═══ SUPPLIED MATERIAL

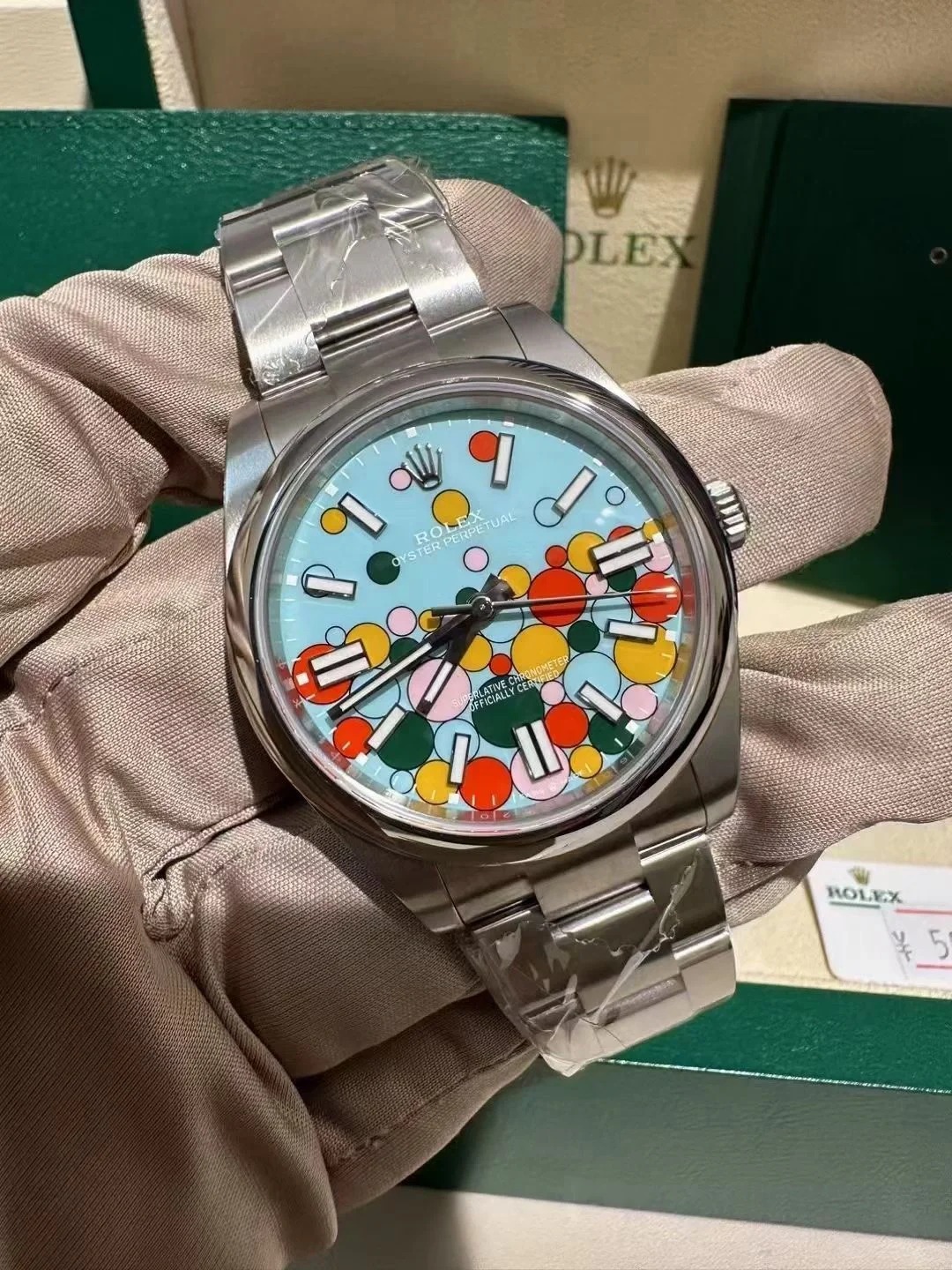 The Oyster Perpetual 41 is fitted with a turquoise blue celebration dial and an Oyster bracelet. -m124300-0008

══════
═══ SUPPLIED MATERIAL

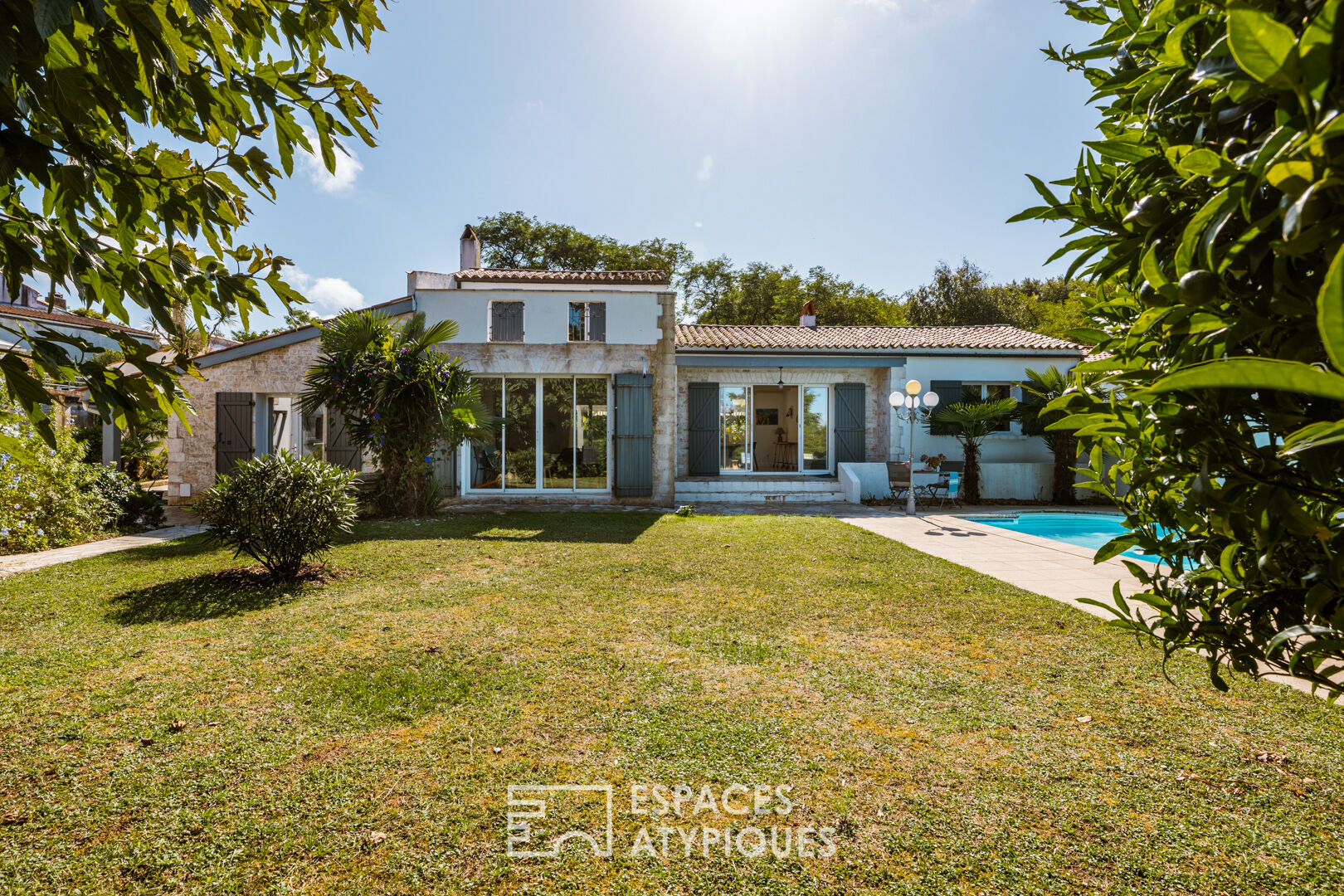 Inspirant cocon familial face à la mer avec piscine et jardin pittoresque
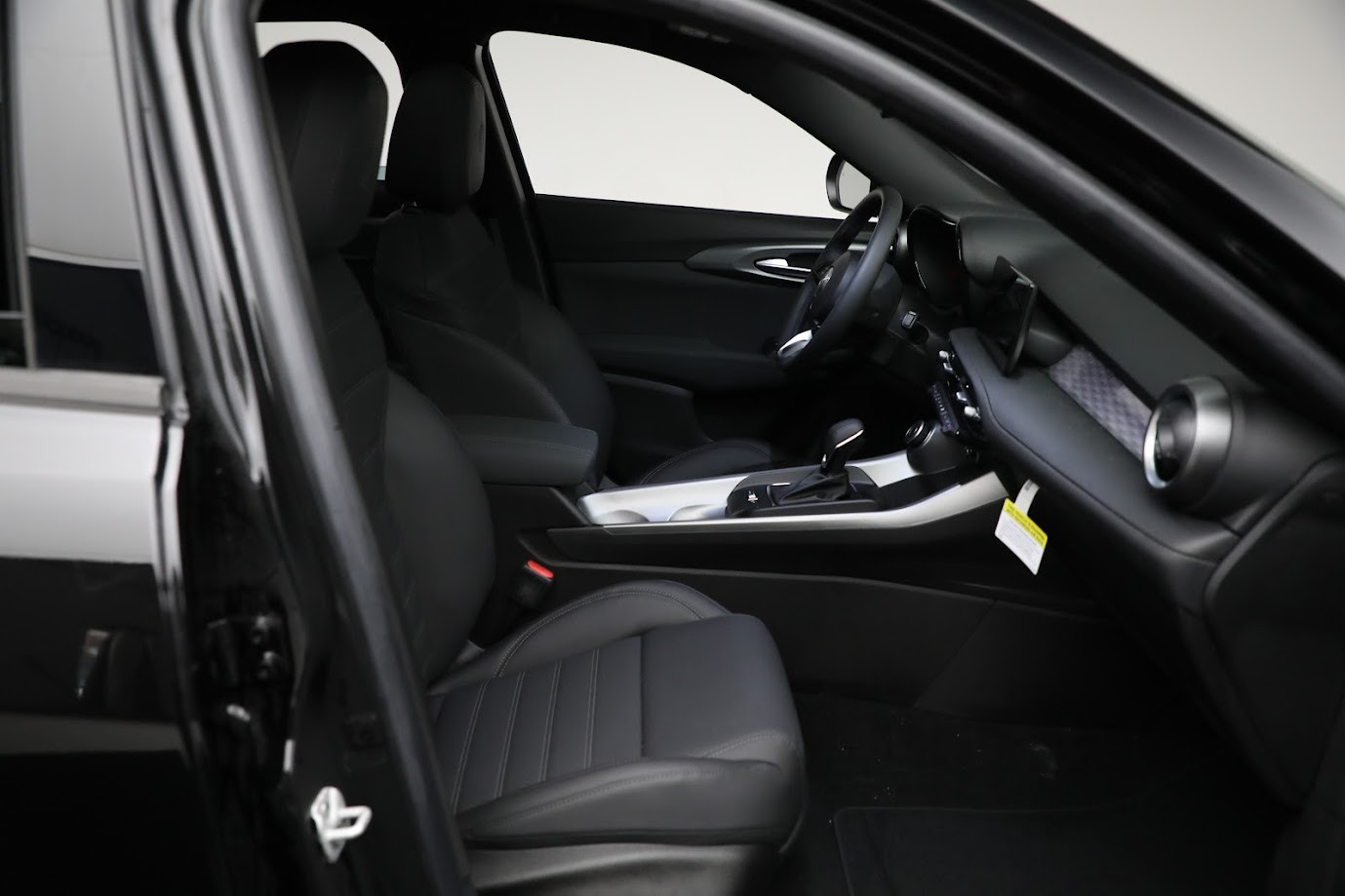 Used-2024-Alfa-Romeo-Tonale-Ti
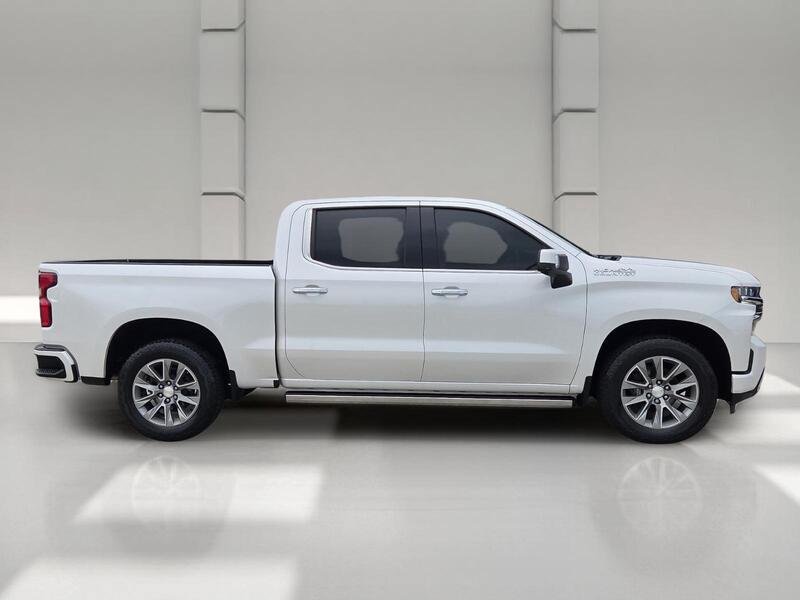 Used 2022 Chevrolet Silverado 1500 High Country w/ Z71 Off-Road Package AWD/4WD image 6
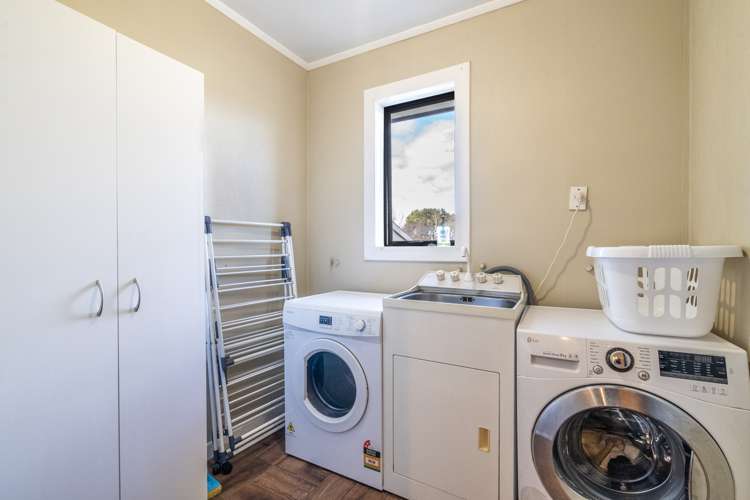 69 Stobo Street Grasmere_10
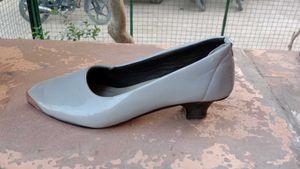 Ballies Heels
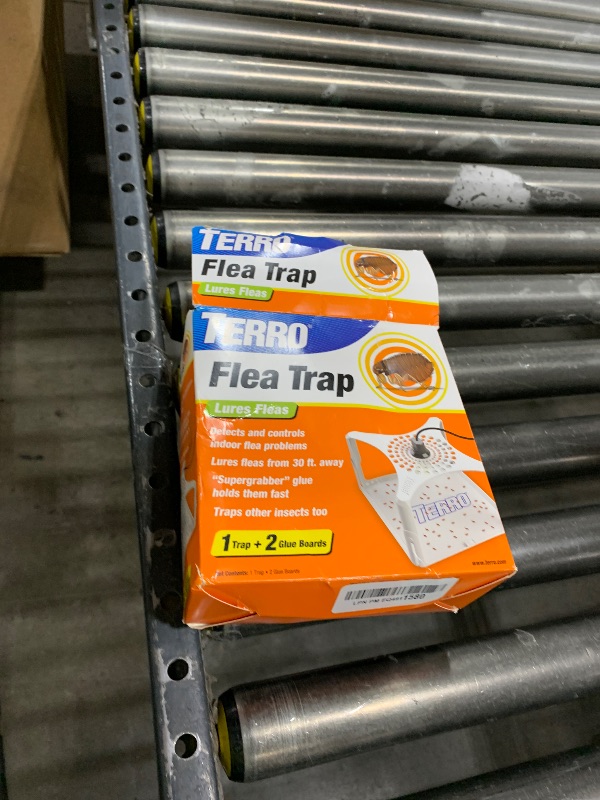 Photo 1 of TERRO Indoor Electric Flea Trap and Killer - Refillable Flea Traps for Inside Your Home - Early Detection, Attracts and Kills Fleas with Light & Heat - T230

══════

▸ TASK PROMPT
Reproduce exactly the lines above starting at the line containing "Used 2022 Chevrolet" and ending at the line containing "Photo 1 of TERRO", including both, but not the pictures.

▸ SOLUTION FOR THIS PROBLEM
 Used 2022 Chevrolet Silverado 1500 High Country w/ Z71 Off-Road Package AWD/4WD image 6
 69 Stobo Street Grasmere_10
 Ballies Heels
 Photo 1 of TERRO Indoor Electric Flea Trap and Killer - Refillable Flea Traps for Inside Your Home - Early Detection, Attracts and Kills Fleas with Light & Heat - T230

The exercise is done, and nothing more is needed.